Captain Phillips Review
Ever since I first watched Cast Away, starring Tom Hanks as a plane crash survivor isolated on a Pacific island, it was obvious he was an unforgettable and incredible actor, pouring emotion out of every role he imbued. The same goes for this film, the true story of Captain Richard Phillips and the 2009 hijacking by Somali pirates of the US-flagged MV Maersk Alabama, the first American cargo ship to be hijacked in 200 years.
In an interview with the Telegraph Director Paul Solon Phillips Attorney Greengrass explained how the film was a tale of two Captains from different Worlds, saying: ‘I wanted to show what it would be like to be a Captain on a ship when that happened. What do you do? You have to try and keep your crew safe, and when the situation deteriorates his first instinct was to, as he says, lock down and wait for help’. Greengrass was set on making the film as authentic as possible – filming in international waters, no ports or harbours, shooting the entire film on a functioning cargo ship and casting real Somalis to play the roles of the pirates, ‘The authenticity of the film depended, to my eye, on having Somalis play Somalis so they could express the truth of the situation.’
Barkhad Abdi plays the Somali-pirate Captain, Muse. To my eye the casting of this character was as important as getting the A-lister for Captain Phillips’ role. Muse and his hijacking pirate-associates are first seen in a small Somali village being intimidated by thugs, sent from the province’s commanding Warlord, into finding a cargo ship and stealing its contents – killing anyone who gets in their way. Straight away we are torn between a feeling of despair for the Somali villagers forced into piracy and shock at how willing they are to go, because life for them does not offer any other opportunities like this one.

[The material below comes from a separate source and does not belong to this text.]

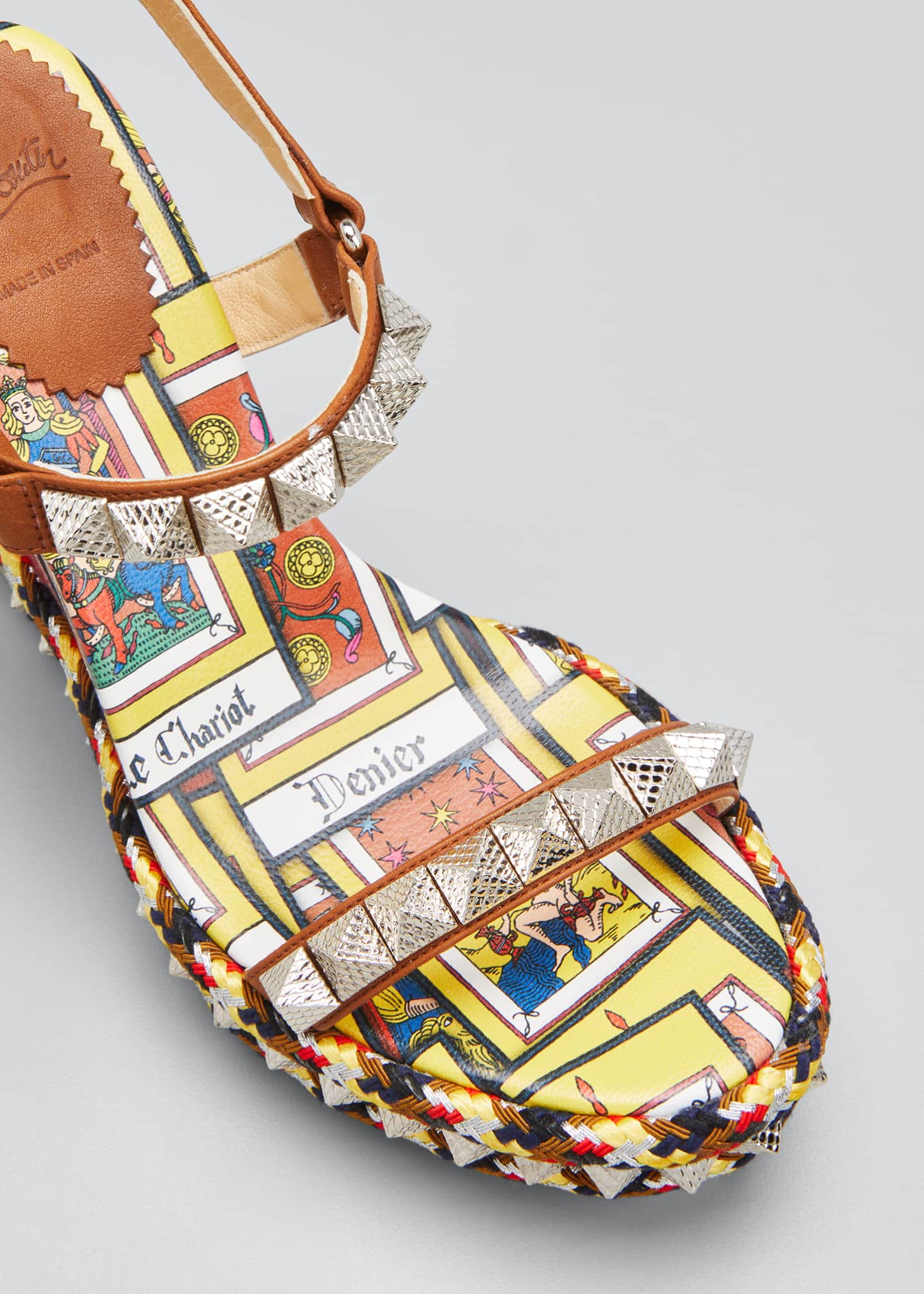 christian louboutin pyraclou iridescent spike wedge espadrille sandals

Just like the sea, Captain Phillips is a film about wild, uncontrollable, moving emotion. It is a film about hope and despair. A twist of Muse’s principal hope of riches, popularity and in his words ‘business’, and Phillips’ fragile hope of survival, as well as the Captain’s despair at the threatening situation and Muse’s despair at the consequences of his actions. Throughout the film there is an increasing tension, one that gravitates around the pirates finding the hidden crew and how Phillips is to get the hijackers off the ship. A strange and enjoyable relationship forms between Muse and Phillips. There are not large quantities of dialogue but Muse ‘comforts’ Phillips when things get at their most escalated saying, ‘It’s gonna be alright Irish, it’s gonna be alright’.
One aspect of the film stands out above any other: The Somali’s brutish acting with their eyes and facial expressions. I found myself looking away from the subtitles and just focusing on what they were saying in Somali (or Arabic) and just staring at their eyes. The hate that was behind them, the aggression and the hopelessness all created an authenticity that Greengrass wanted to achieve. This gave me a true understanding of what Phillips and his crew went through, and in a sense what the Somali pirates went through as well.
Along with the unceasing rise and falls of tension, the suffocating closed-room characteristic of the film was brilliant. At one stage the hijackers take Phillips hostage in a cramped, sealed lifeboat and attempt to make a move for the Somali coast, getting away from the cargo ship and the impending threat of the US Navy. Now a shift takes place. We see the pirates becoming agitated, helpless and overpowered by the situation they’ve found themselves in. We are given an insight into the raw emotions of the Somali pirates as the enormous storm of despair closes in on them, turning them against one another and towards Phillips.
The Navy catch up with the boat and in a final half-an-hour showdown attempts rescue of Phillips. Tension builds as he is told to sit in the seat he has always found himself in, seat 15, and he will be safe. As the Navy Seal snipers line their shots up on the swaying lifeboat, we see through the crosshair at an intense struggle within, the command room on the Navy vessel is filled with questions and counter-orders, close-ups on commanding-officers’ faces, concerned analysts, hesitant Seals and quickly back to the fight within the lifeboat, Phillips is blindfolded and being strangled, the other Somalis are shouting ‘we need him alive!’, we see the Captain struggling to breath and then… all the targets are executed in one intense, silent and instant action – and Phillips, removing his blindfold and wiping the pirate’s blood from his mouth, slumps to the floor, catches his breath and stares in horror.